THE INPUT:
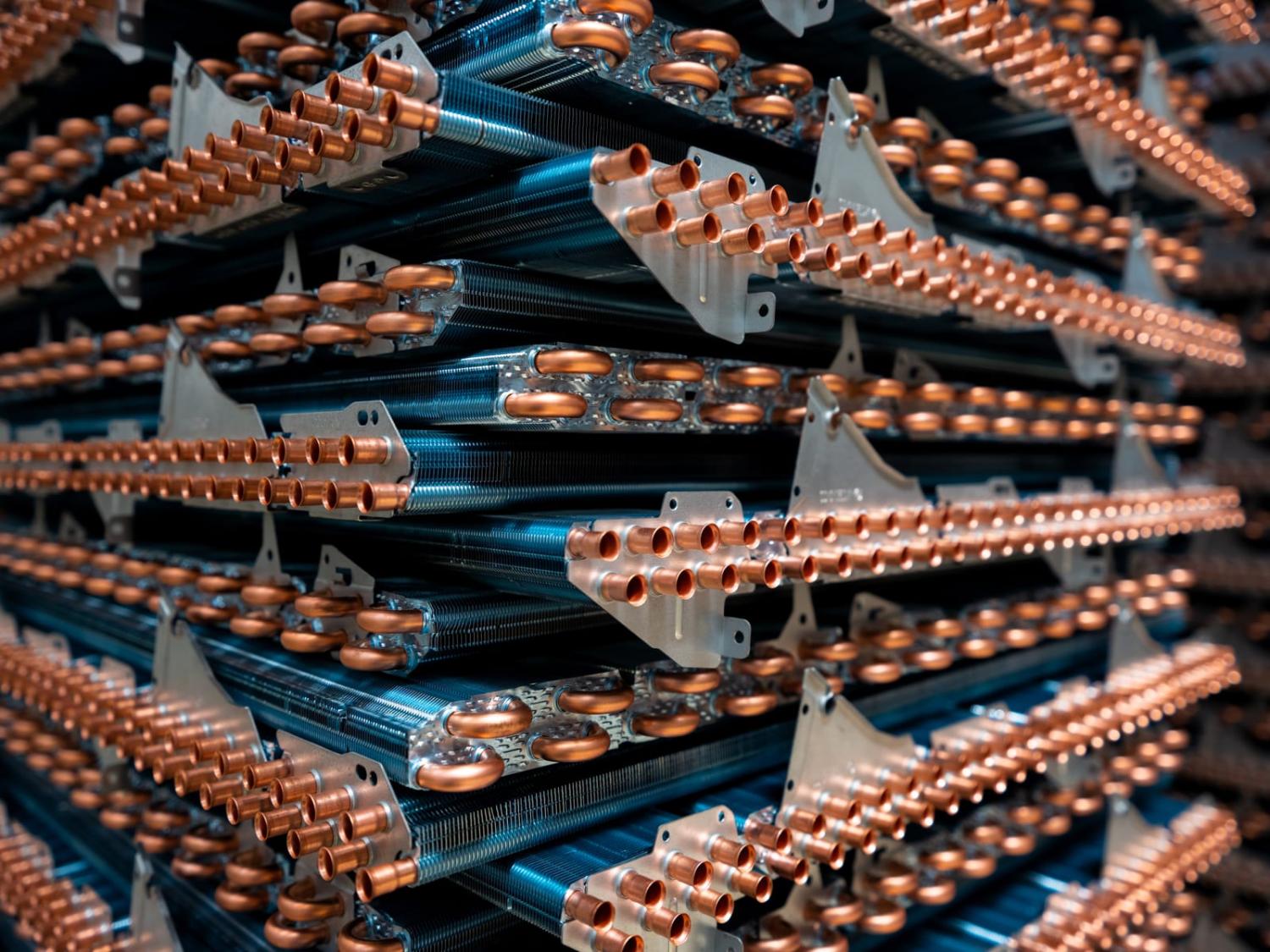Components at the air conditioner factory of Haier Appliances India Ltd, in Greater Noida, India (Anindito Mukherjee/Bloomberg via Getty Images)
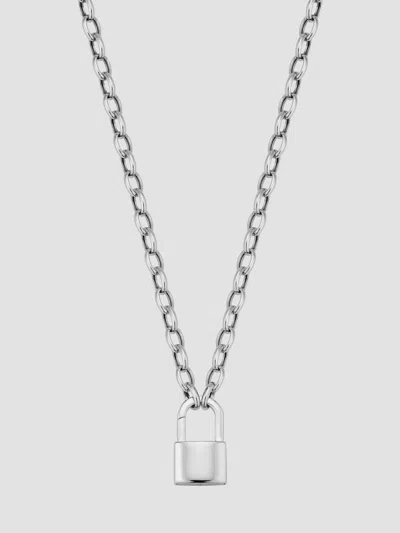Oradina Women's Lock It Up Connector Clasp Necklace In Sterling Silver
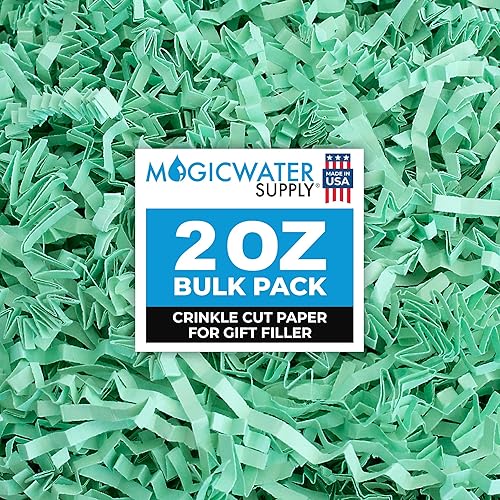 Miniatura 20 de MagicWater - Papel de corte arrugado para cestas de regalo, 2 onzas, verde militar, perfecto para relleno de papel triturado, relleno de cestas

* * *

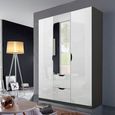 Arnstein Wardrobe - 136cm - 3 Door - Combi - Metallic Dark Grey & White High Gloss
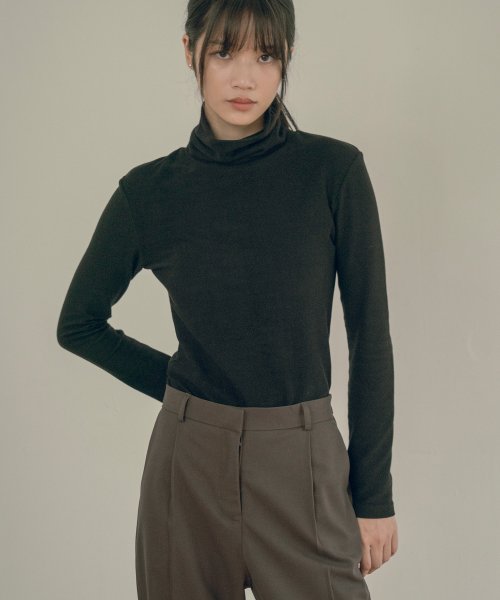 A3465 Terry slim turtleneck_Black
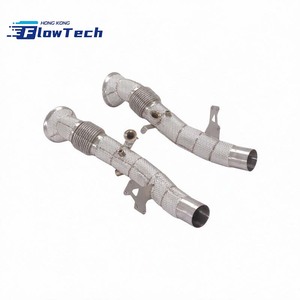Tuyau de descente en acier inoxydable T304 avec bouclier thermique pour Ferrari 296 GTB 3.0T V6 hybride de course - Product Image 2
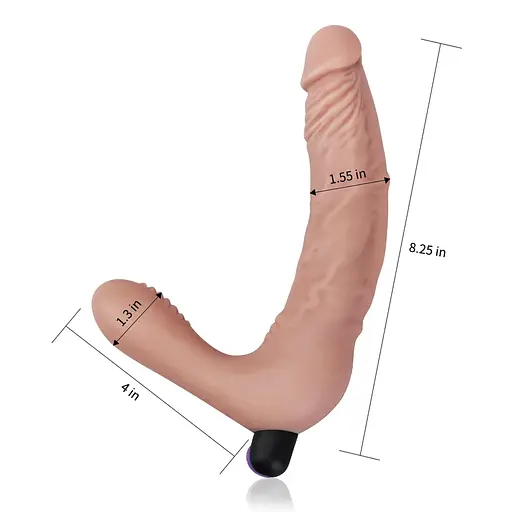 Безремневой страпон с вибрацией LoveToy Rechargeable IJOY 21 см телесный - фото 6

WORK REQUIRED: When you reach the line holding "Components at the" in the listing above, begin retyping exactly, and stop once the line holding "Miniatura 20 de" is done; pictures stay out.

RESULT OF THIS TASK:
Components at the air conditioner factory of Haier Appliances India Ltd, in Greater Noida, India (Anindito Mukherjee/Bloomberg via Getty Images)
Oradina Women's Lock It Up Connector Clasp Necklace In Sterling Silver
 Miniatura 20 de MagicWater - Papel de corte arrugado para cestas de regalo, 2 onzas, verde militar, perfecto para relleno de papel triturado, relleno de cestas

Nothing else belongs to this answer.